→ Your goal: No pictures go into the copy. Write out exactly the lines below from the one containing "Teen Pregnancy in Woodbury County" through the one containing "RUEDA FLAP LP".

::::::::::

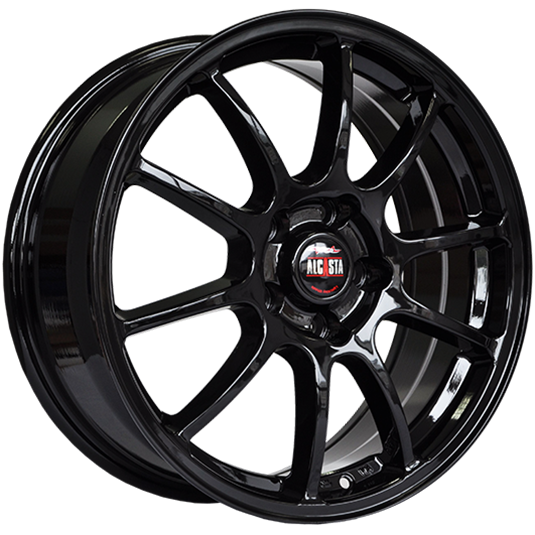 фото диска Alcasta R17 ET39 DIA65,1 PCD:5/110 черный глянцевый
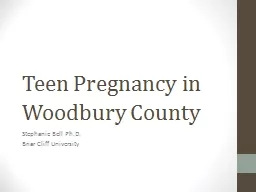 Teen Pregnancy in Woodbury County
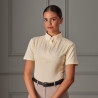 Camicia con fiocco al collo a maniche corte Shires Aubrion - Giallo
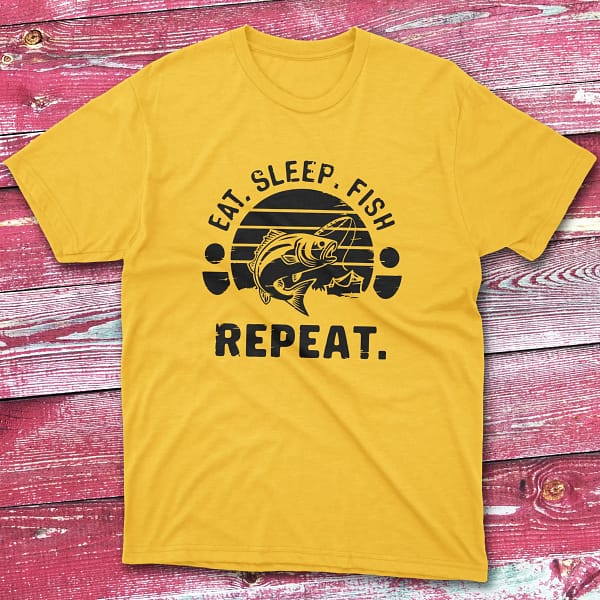 Eat sleep fish repeat daisy Fishermen T-shirt Eat sleep fish repeat daisy Fishermen T-shirt
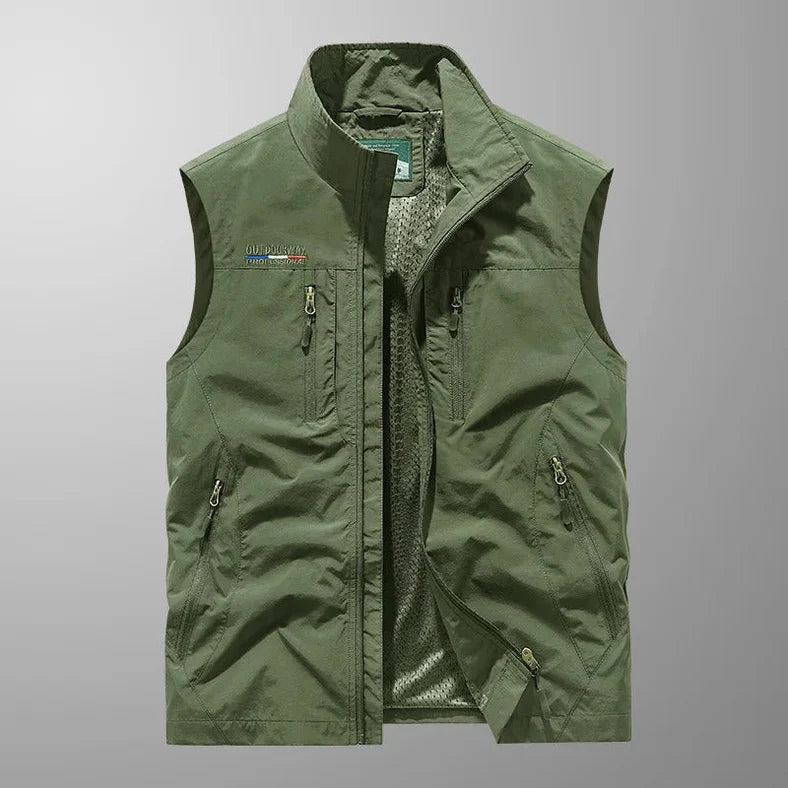 Naviero | Men’s Utility Vest with Multiple Pockets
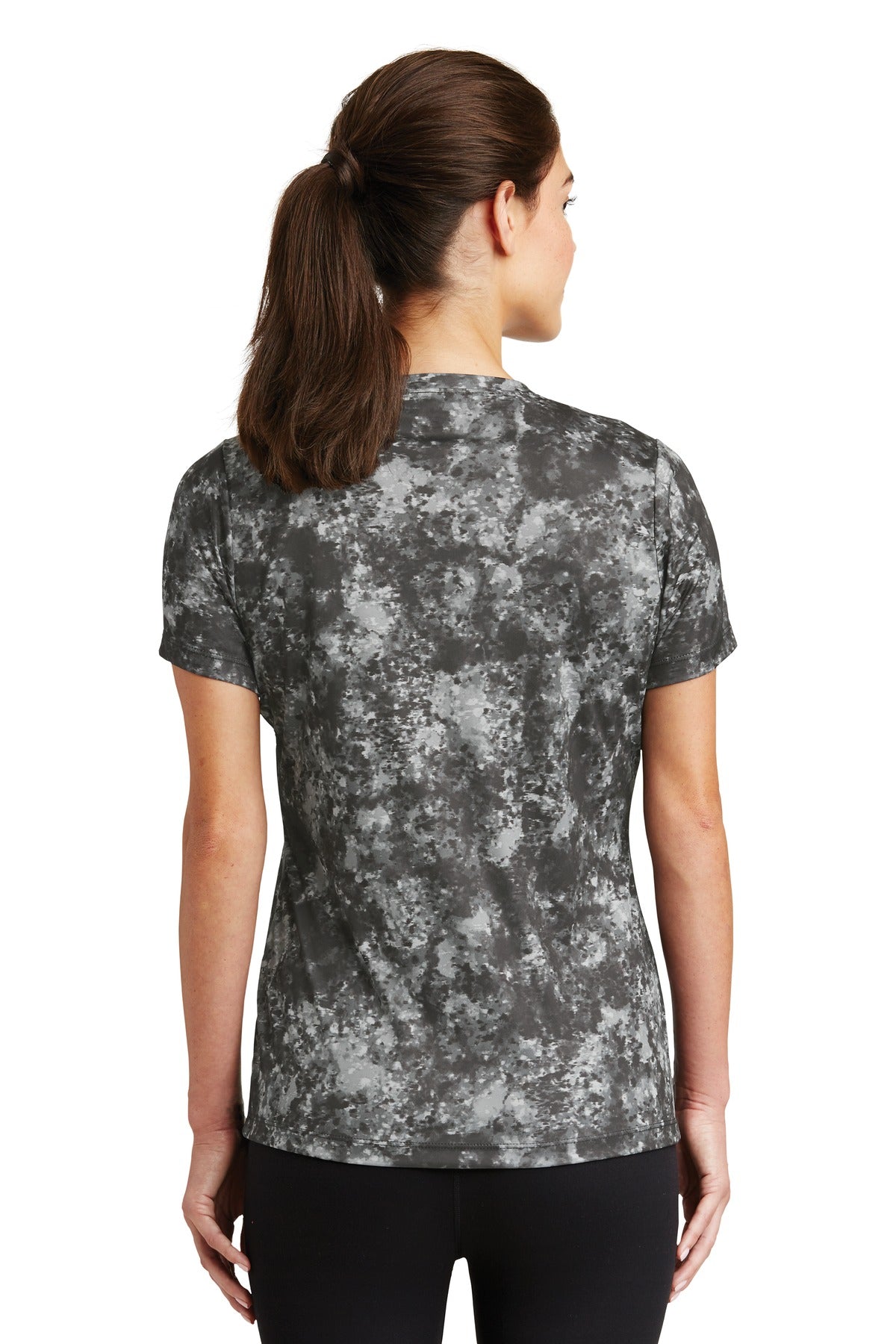 DISCONTINUED Sport-Tek® Ladies Mineral Freeze Scoop Neck Tee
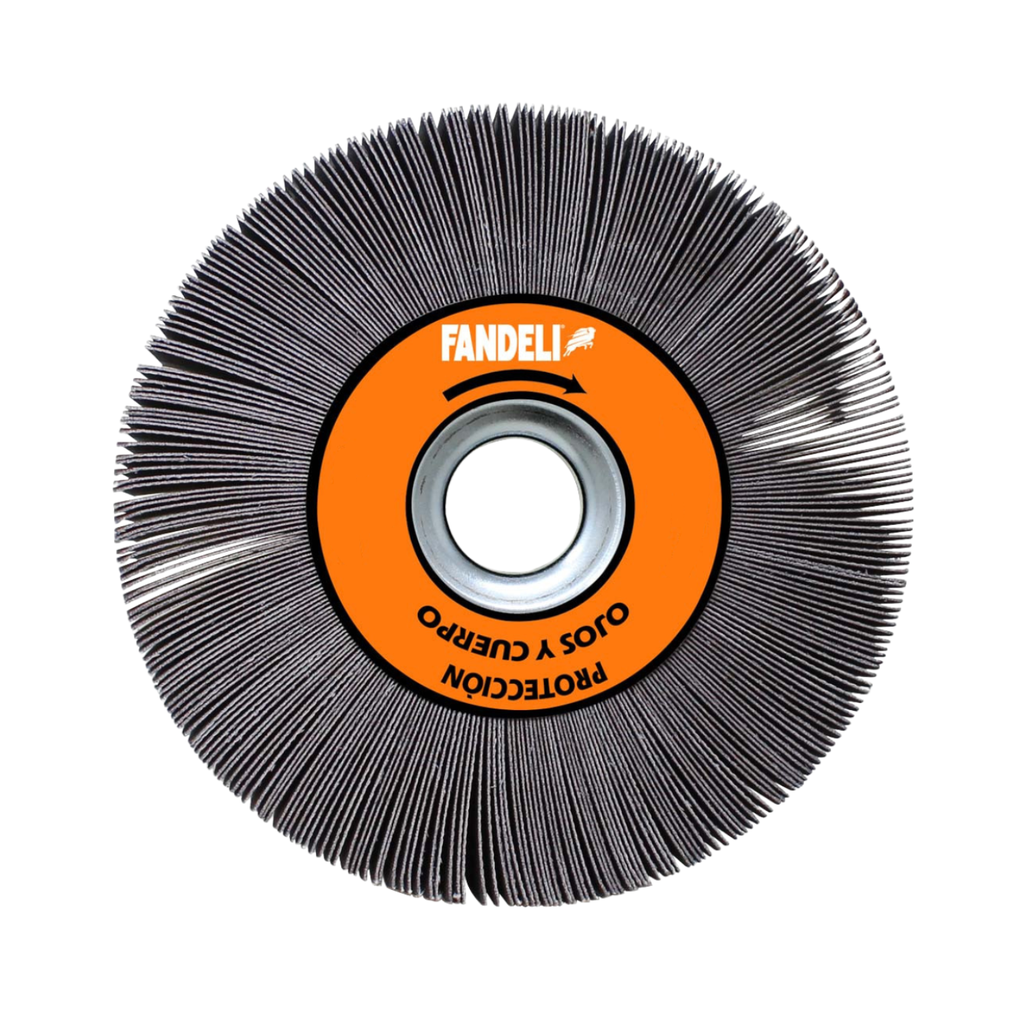 RUEDA FLAP LP FANDELI 6" x 1-1/2" x 1" X-88 GRANO 150 (09073)(H)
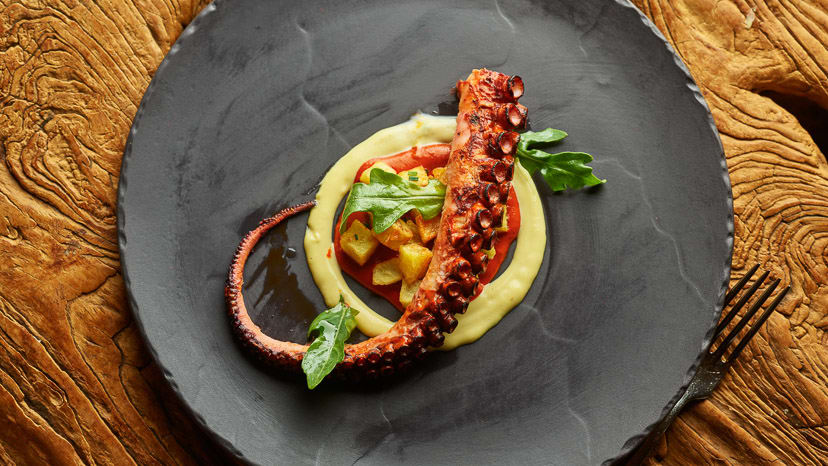 Lakeside Chile Rubbed Charred Octopus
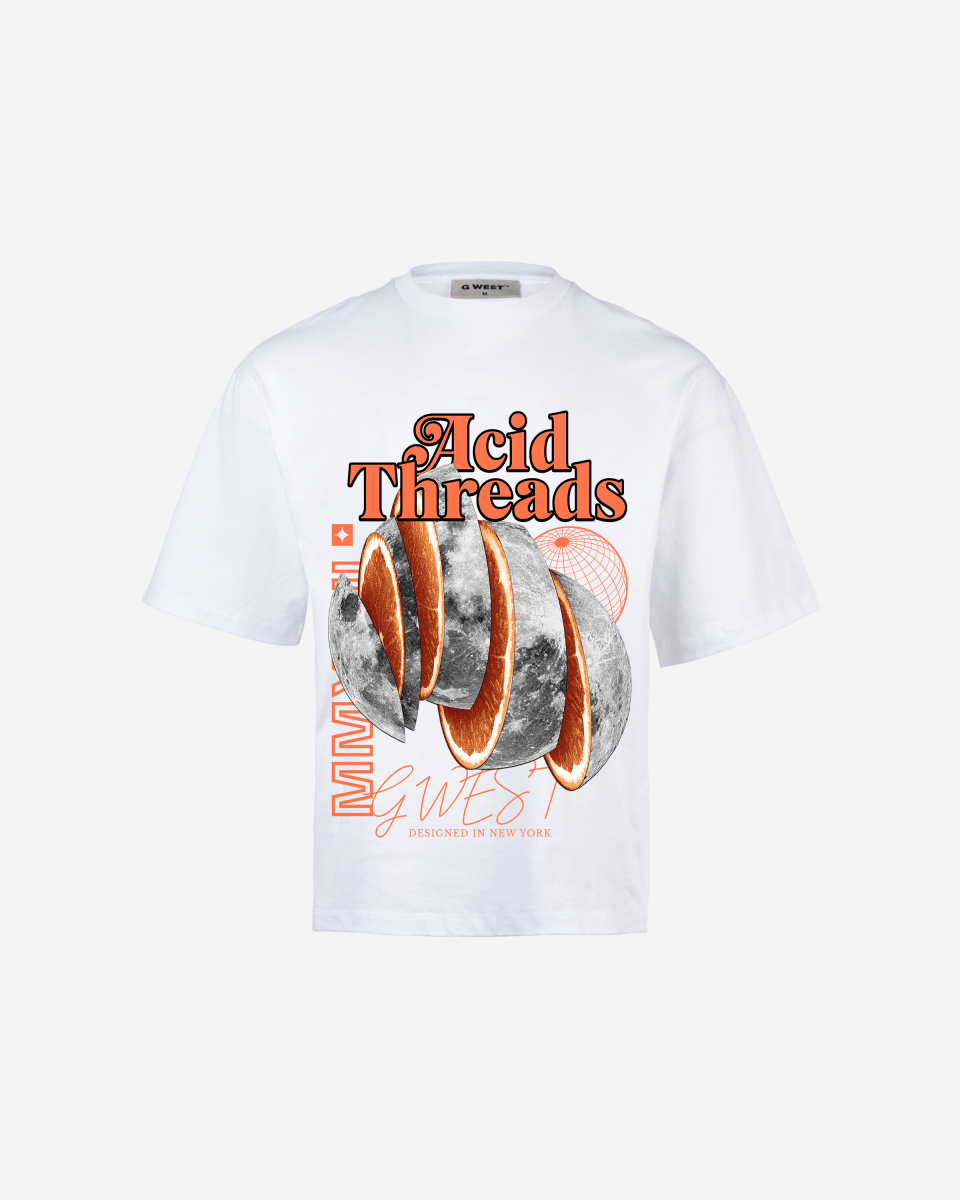 G-WEST ACID THREADS OVERSIZED TEE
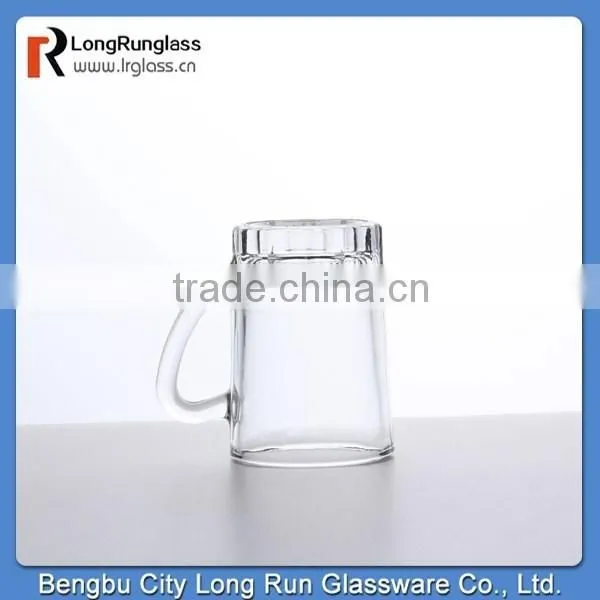 LongRun 85ml Small Glass Mugs Unique Bottom photo-5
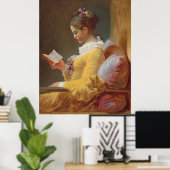 Jean-Honoré Fragonard - Ein junges Mädchen lesen Poster (Heimbüro)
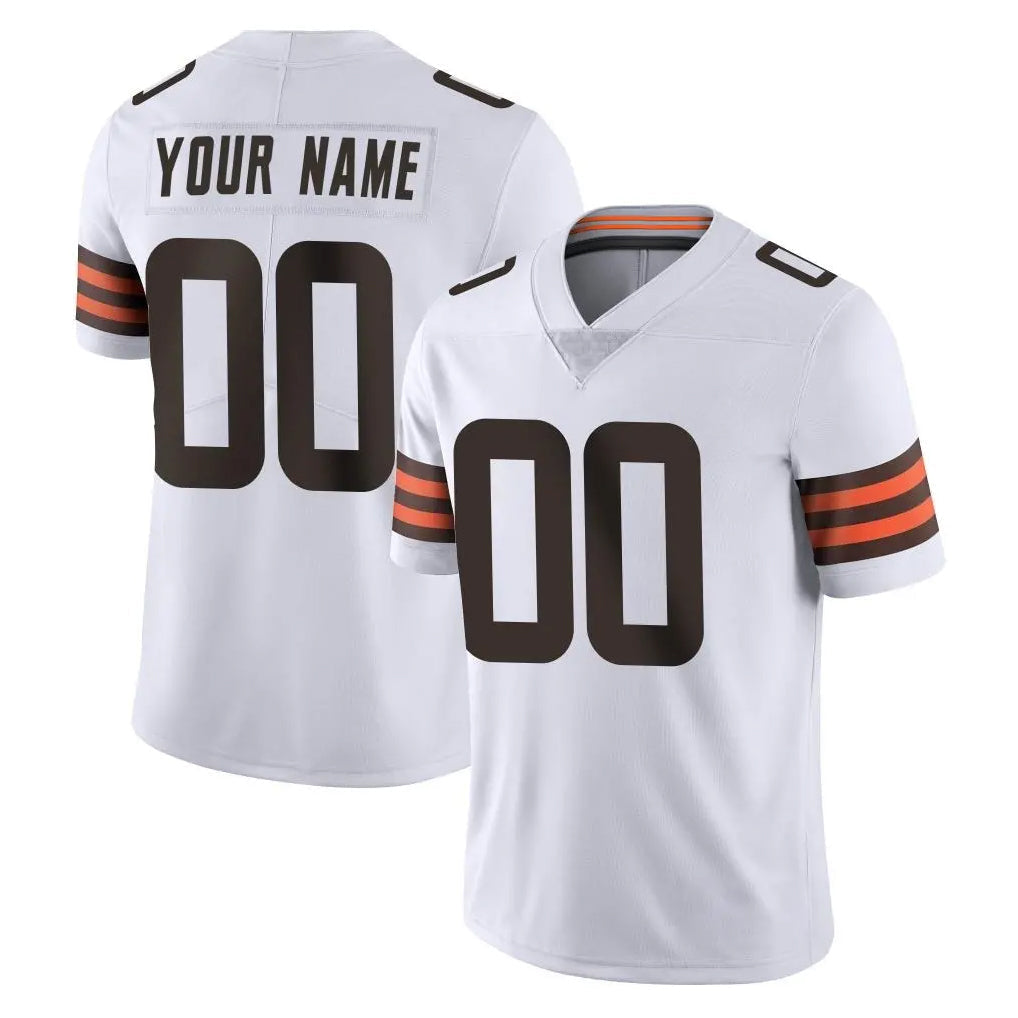 Kieara Custom C.Browns White Vapor Untouchable Limited Home Game Any Name & Numbers Stitched Jerseys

::::::::::

→ Task output:
 Teen Pregnancy in Woodbury County
 Camicia con fiocco al collo a maniche corte Shires Aubrion - Giallo
 Eat sleep fish repeat daisy Fishermen T-shirt Eat sleep fish repeat daisy Fishermen T-shirt
 Naviero | Men’s Utility Vest with Multiple Pockets
 DISCONTINUED Sport-Tek® Ladies Mineral Freeze Scoop Neck Tee
 RUEDA FLAP LP FANDELI 6" x 1-1/2" x 1" X-88 GRANO 150 (09073)(H)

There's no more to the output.